My PowerPoint slide has a number of group shapes in which there are child text shapes.
Earlier I was using this code, but it doesn't handle Group shapes.
for eachfile in files:
prs = Presentation(eachfile)
textrun=[]
for slide in prs.slides:
for shape in slide.shapes:
if hasattr(shape, "text"):
print(shape.text)
textrun.append(shape.text)
new_list=" ".join(textrun)
text_list.append(new_list)
I am trying to extract the text from these child text boxes. I have managed to reach these child elements using GroupShape.shape But I get an error, that these are of type 'property', so I am not able to access the text or iterate (TypeError: 'property' object is not iterable) over them.
from pptx.shapes.group import GroupShape
from pptx import Presentation
for eachfile in files:
prs = Presentation(eachfile)
textrun=[]
for slide in prs.slides:
for shape in slide.shapes:
for text in GroupShape.shapes:
print(text)
I would then like to catch the text and append to a string for further processing.
So my question is, how to access the child text elements and extract the text from them.
I have spent a lot of time going though the documentation and source code, but haven't been able to figure it out.
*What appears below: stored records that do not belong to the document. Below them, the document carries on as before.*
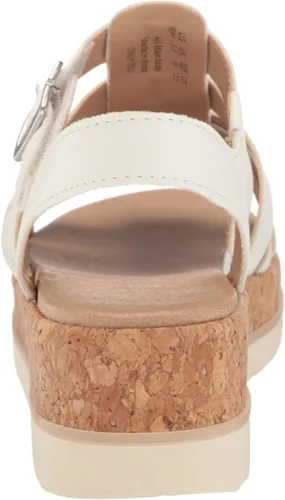 Vista 3 de Dr. Scholl's Women's Only You Platform Sandal Wedge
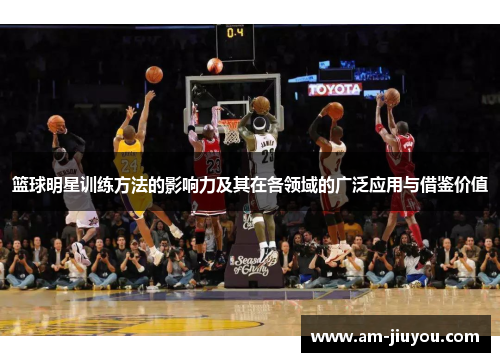 篮球明星训练方法的影响力及其在各领域的广泛应用与借鉴价值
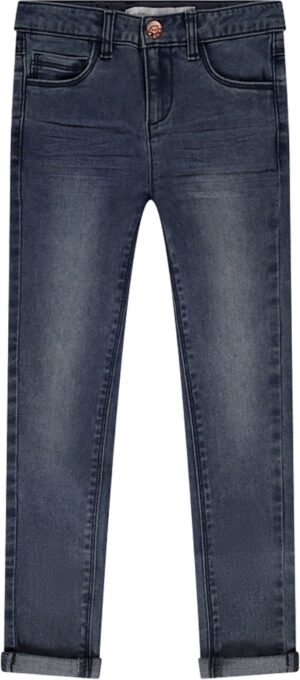 Pantalon Jeans Orchestra HFIQQI-BLM - Femenino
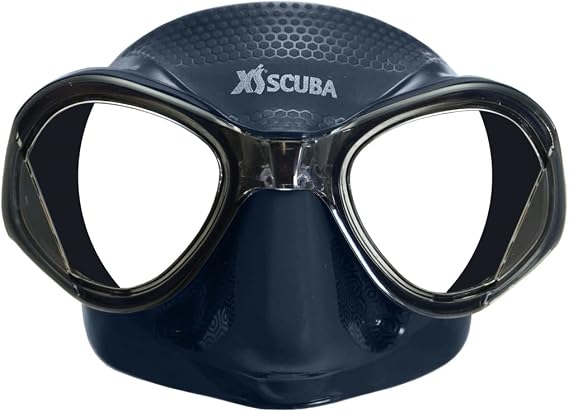 XS Scuba Mikros Mask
Any help would be appreciated.
I think you need something like this:
from pptx.enum.shapes import MSO_SHAPE_TYPE
for slide in prs.slides:
# ---only operate on group shapes---
group_shapes = [
shp for shp in slide.shapes
if shp.shape_type == MSO_SHAPE_TYPE.GROUP
]
for group_shape in group_shapes:
for shape in group_shape.shapes:
if shape.has_text_frame:
print(shape.text)
A group shape contains other shapes, accessible on its .shapes
property. It does not itself have a .text
property. So you need to iterate the shapes in the group and get the text from each of those.
Note that this solution only goes one level deep. A recursive approach could be used to walk the tree depth-first and get text from groups containing groups if there were any.
Also note that not all shapes have text, so you must check the .has_text_frame
property to avoid raising an exception on, say, a picture shape.